Mit dieser vollständig verinnerlichten Haltung des Künstlers bei der Arbeit hat sich Holger Herrmann auf seine Weise von der abbildenden Möglichkeit weitestgehend gelöst und eine fast absurde Position geschaffen: Mit einer jedem Betrachter eingängigen Form hat er einen größtmöglichen Rahmen oder ein der Realität entlehntes Gerüst für eine so abstrakte wie spontane Herangehensweise an Linien, Flächen, Gesten sowie kontrollierte und autonome Farbverläufe gefunden. Zuweilen dringt der Künstler, der die Begrenzung als Impetus so offensichtlich braucht, im Arbeiten mit der Farbe über die Ränder der Leinwand, um diese in der Folge von ihrem starren Keilrahmen zu lösen und sie wie Tücher oder Papiere als Ganzes bis an die äußersten Ränder zu präsentieren. Im Verlauf der Fortentwicklung seiner Figur experimentiert Holger Herrmann mit einer Substanz aus Champagnerkreide, Leinöl und Terpentin, in die er im noch nassen Zustand seine Linien mit dem Graphit- oder Kreidestift einschreibt. Auf anderen Bildträgern führt er stark farbige, mit Öl und Acryl gemalte Flächen mit der linearen Struktur des Graphitstiftes zusammen, die einerseits die Figur konkretisieren, sich andererseits als graphische Elemente zu Binnenzeichnungen verselbstständigen und in ihrem Verlauf wie zufällig Flächen miteinander verbinden. In kleinformatigen Papierarbeiten antwortet die Figur auf beiläufig gefundene, bedruckte Seiten mit Schrift oder arabesken Bildmustern, die den Fond für die Zeichnungen bilden. Frei nach Novalis’ Heinrich von Ofterdingen scheint die gebückte Gestalt inmitten der Zeichnung ihre „blaue Blume“ gefunden zu haben und an dieser fragilen Nahtstelle die schöpferische Verbindung zwischen Bildgrund und Darstellung eingegangen zu sein.

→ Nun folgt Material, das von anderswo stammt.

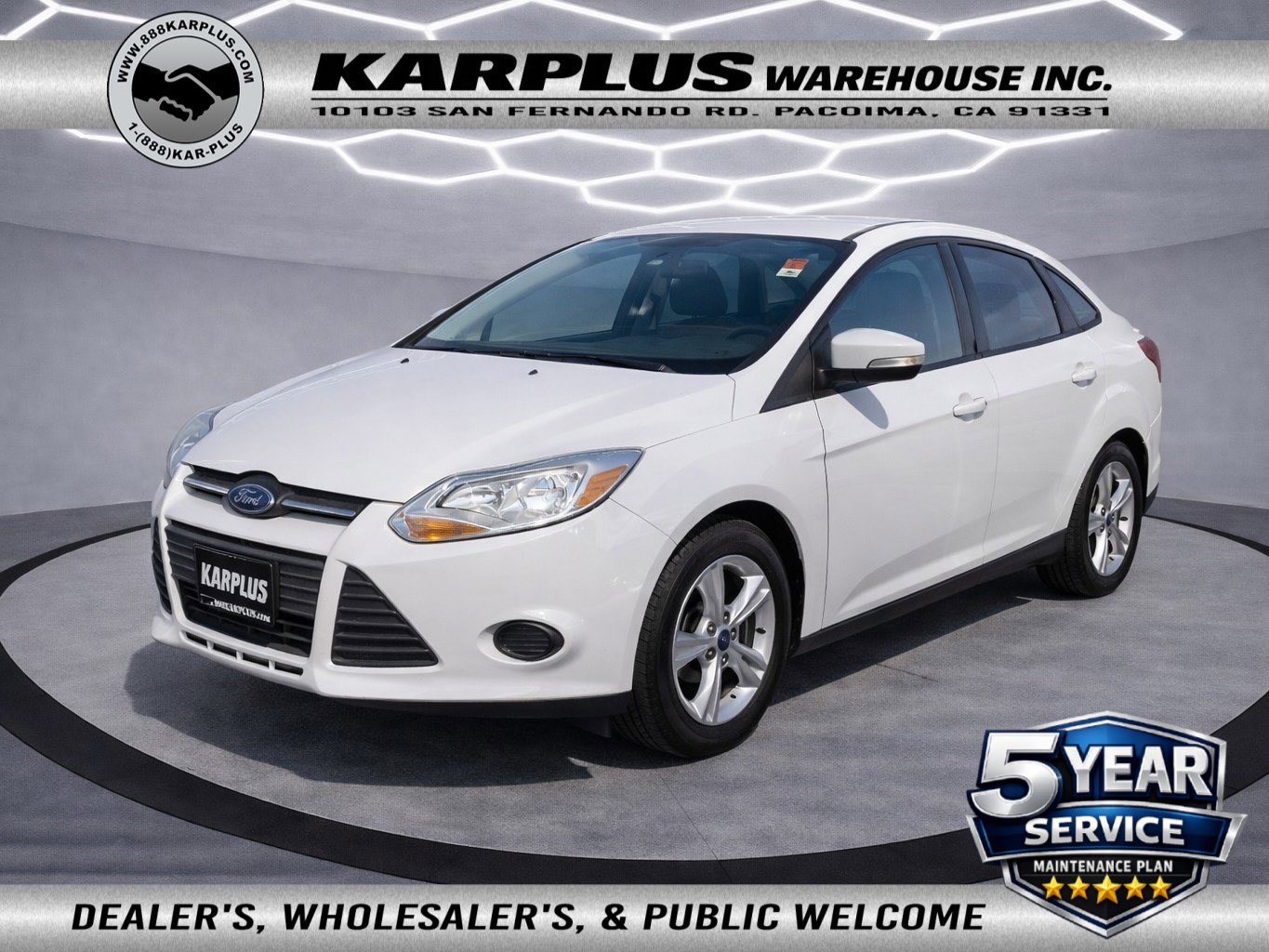 Used 2014 Ford Focus SE image 1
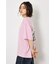 アップリケクラウンロゴTシャツ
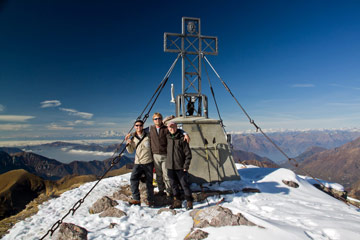 Ornica -> Val d'Inferno - > PIZZO TRE SIGNORI il 31 ottobre 2011 - FOTOGALLERY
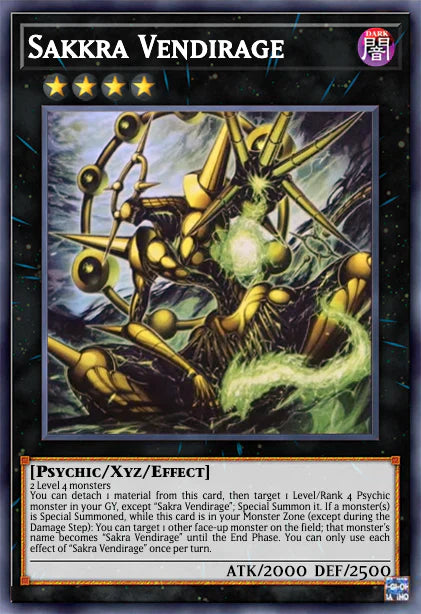 Sakra Vendirage - ALIN-EN088 - 1st Edition - Super Rare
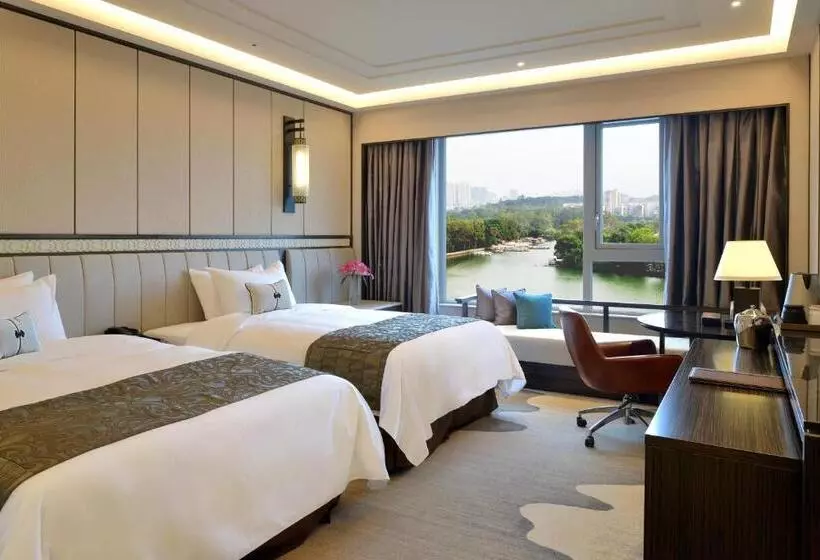 اتاق لوکس با چشم‌انداز دریاچه, Fuzhou Lakeside
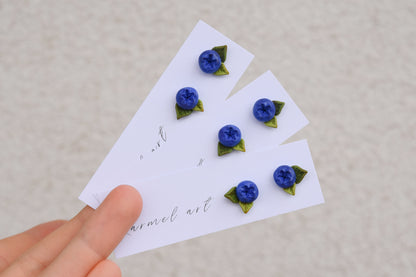 Blueberry Studs Earrings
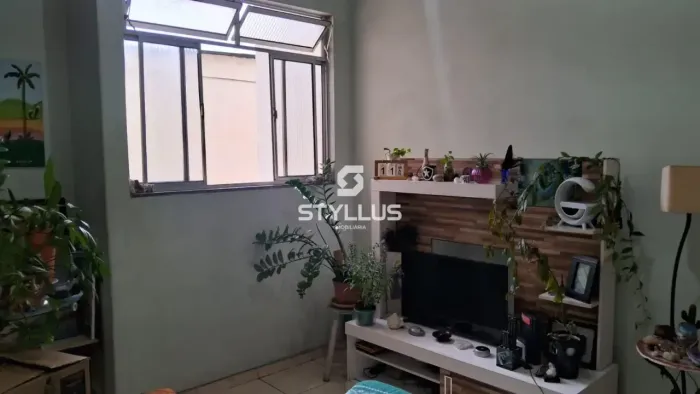 Imóvel para venda possui 46 metros quadrados com 2 quartos
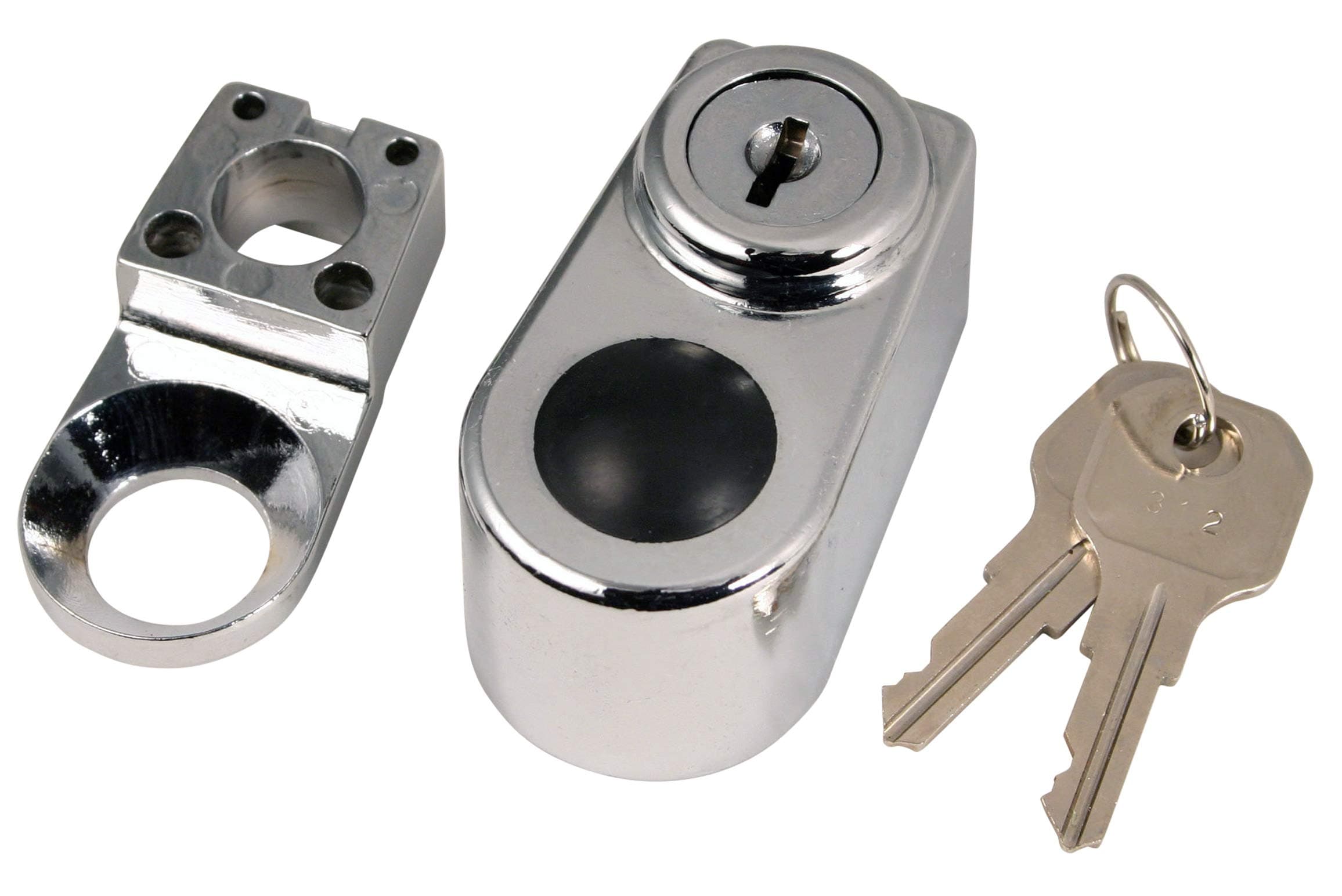 TNL740 Spare Tire Nut Lock for Side Mount Spare Tires, Easy Install - for SUV, Trailer Tire, and More - 1 Pack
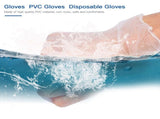 50Pairs/Box Disposable PVC Gloves Transparent Safe Single Use Gloves for Daily Working UseXL V1294-YM0901-3117200007314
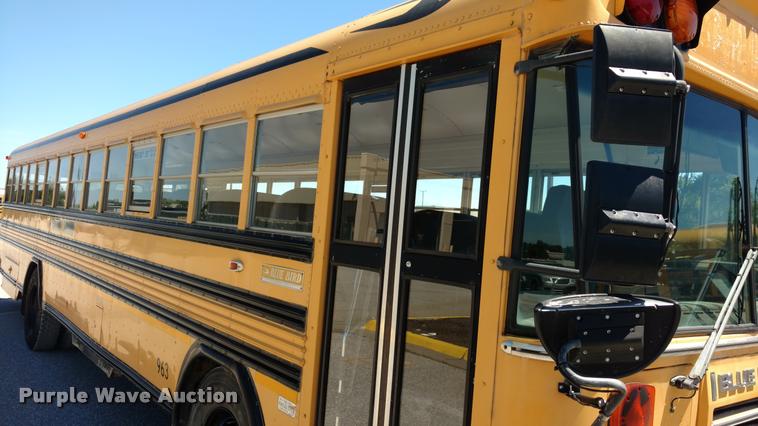 image for item DA5603 1997 Blue Bird TC2000 school bus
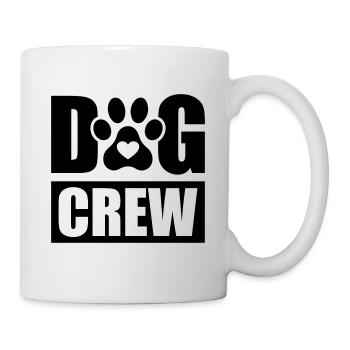 Dog Crew - Tasse - Weiß - Rechts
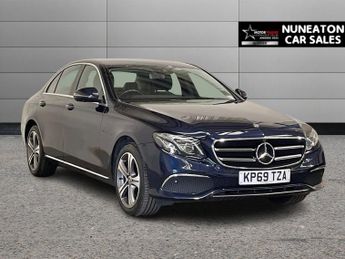 Mercedes E Class 2.0 E220d SE (Premium) Saloon 4dr Diesel G-Tronic+ Euro 6 (s/s) 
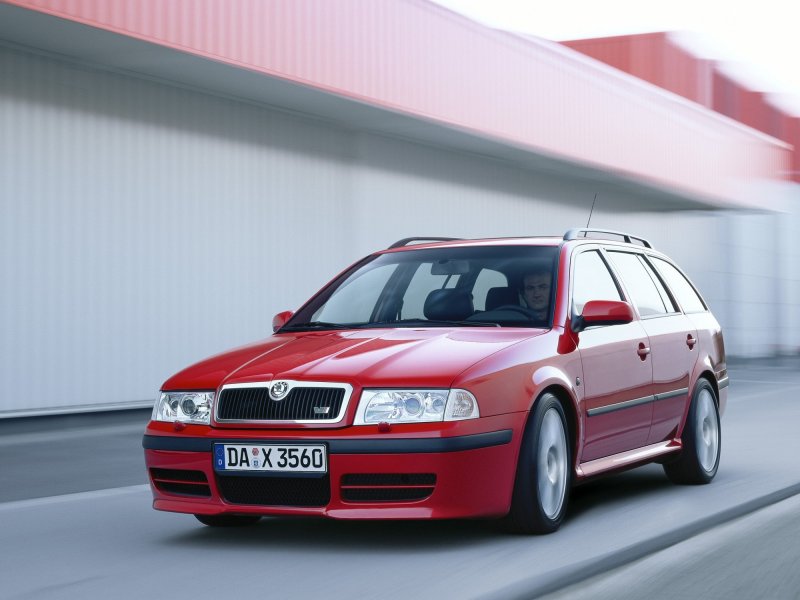 Skoda Octavia Tour 1.6 2001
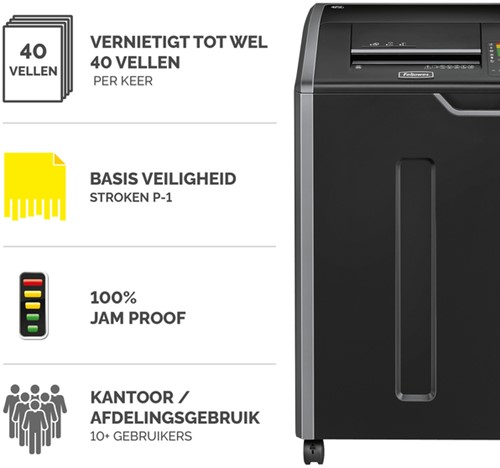 Papiervernietiger Fellowes Powershred 425I -2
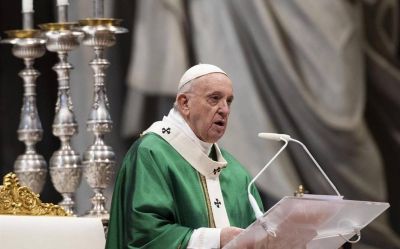 Un d�a como hoy, fiesta de San Mateo, el Papa Francisco descubri� su vocaci�n sacerdotal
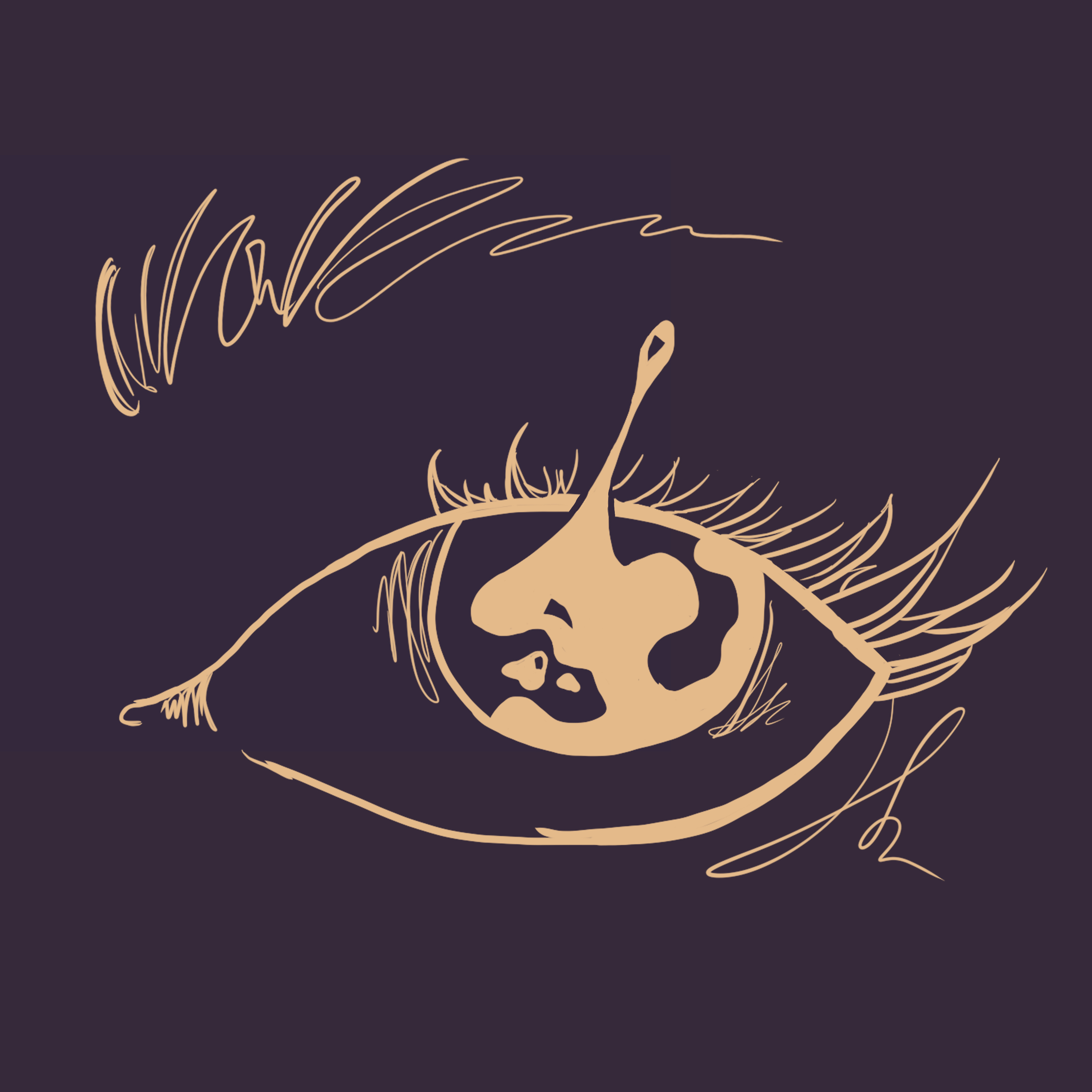 Ink In The Eyes podcast artwork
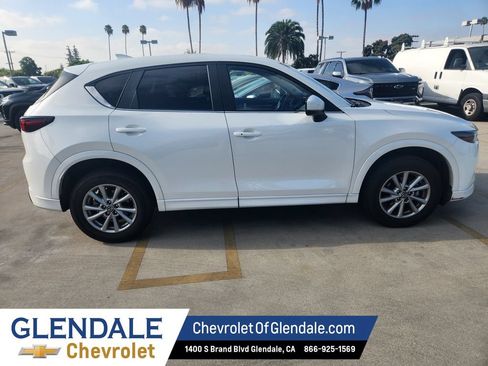Used 2024 MAZDA CX-5 AWD 2.5 S w/ Select Package image 7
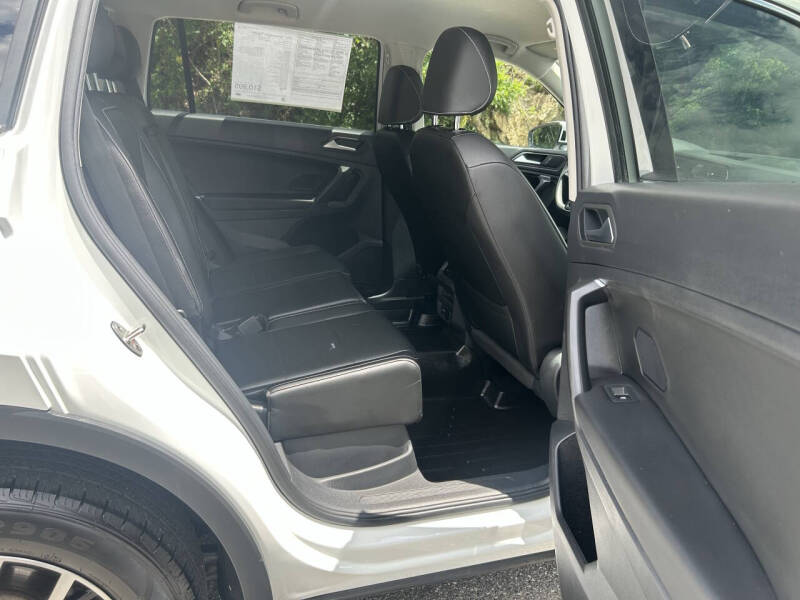 2021 Volkswagen Tiguan SE 4Motion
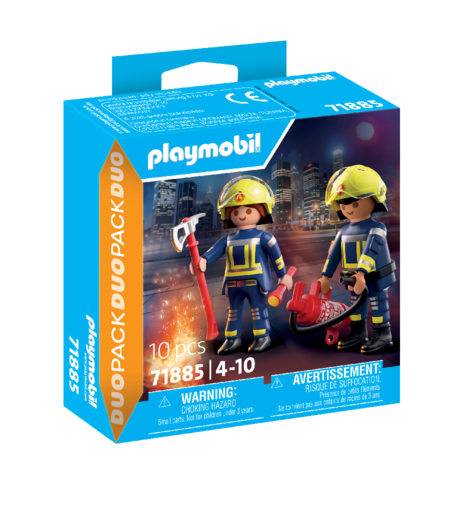 Playmobil® DuoPacks 71885 brandweer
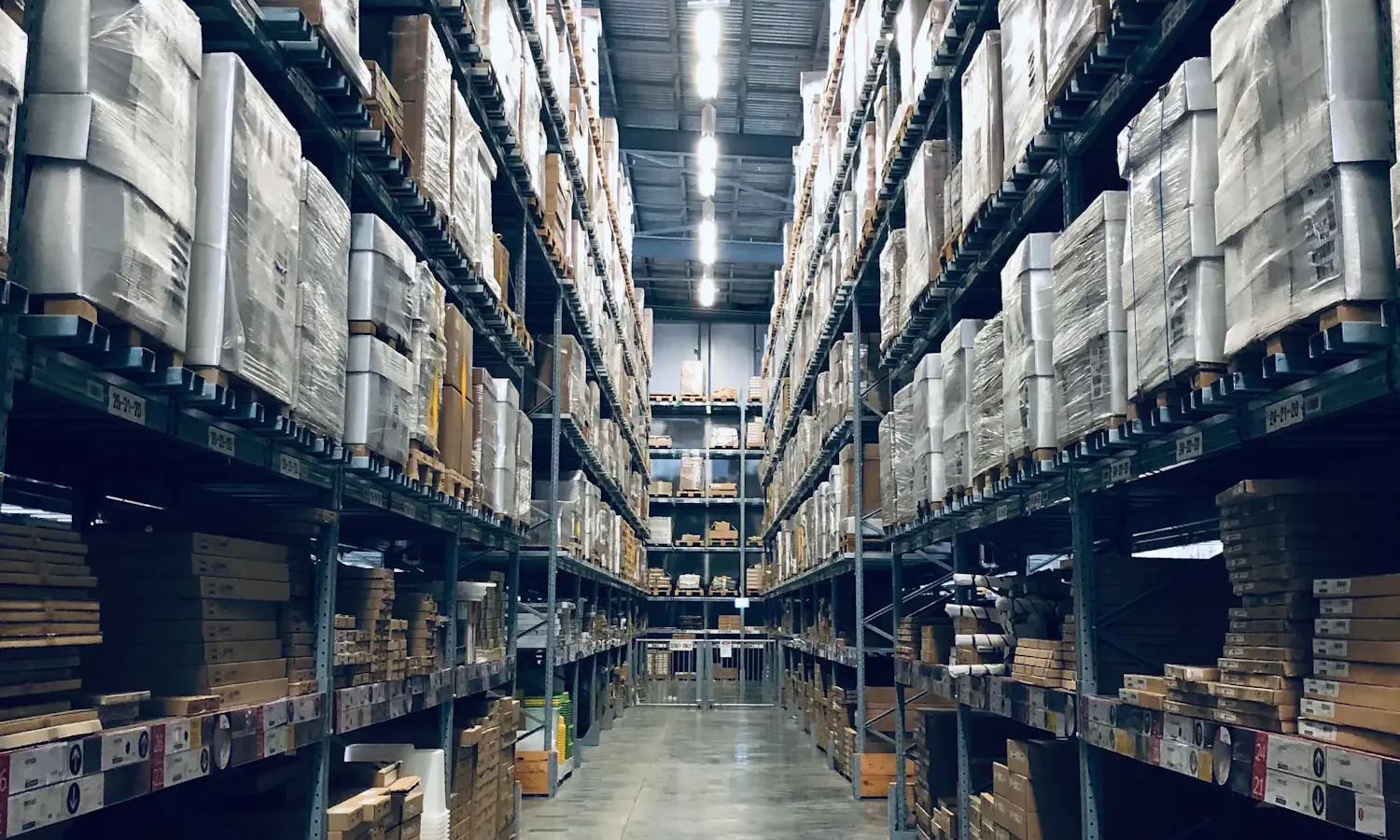 Inside the next-day network: distribution centers, one promise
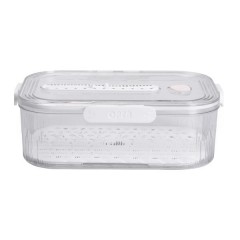 Контейнер для зберігання продуктів 32.5*22.5*11 см, білий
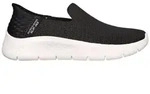 Skechers Skechers Go Walk Flex Relish Black Textile/White Slipper schwarz 37 EU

Neben diesen singulären Werken entstehen ab etwa 1995 zweiteilige Arbeiten, die sich nicht minder mit der einmal gestellten Frage befassen. Das in den siebziger Jahren entwickelte Prinzip der Zusammenstellung von monochromen mit figurativen Werken findet in einer kleinen Serie erneut Anwendung. Sie zeigt die mit sparsamen Linien angedeutete Figur auf einem Bildgrund, der in neun streng geometrische Bildelemente gleicher Größe in den Farben Blau, Gelb, Rot und einem Grau- Ockerton gegliedert ist. Dieser wird als „Leerstelle“ im Gegenstück wiederholt und dient als Projektionsort, Ausgangs- oder Endpunkt - je nachdem, in welcher Reihenfolge die beiden Arbeiten vom Betrachter gelesen werden. Große Tafeln wie „19. August 1996“, „3. April 1997“ oder die übergroße zweiteilige Arbeit „She called me Daddy, I und II“ aus dem Jahre 1999 zeigen eine Steigerung des lyrischen Charakters dieser trotz ihrer Ausmaße feingliedrigen, leisen und konzentrierten Bilder, die die Frage evozieren, ob es sich um gezeichnete Bilder oder gemalte Zeichnungen handelt, so harmonisch ausponderiert ist das Verhältnis von Linie und monochromer Fläche.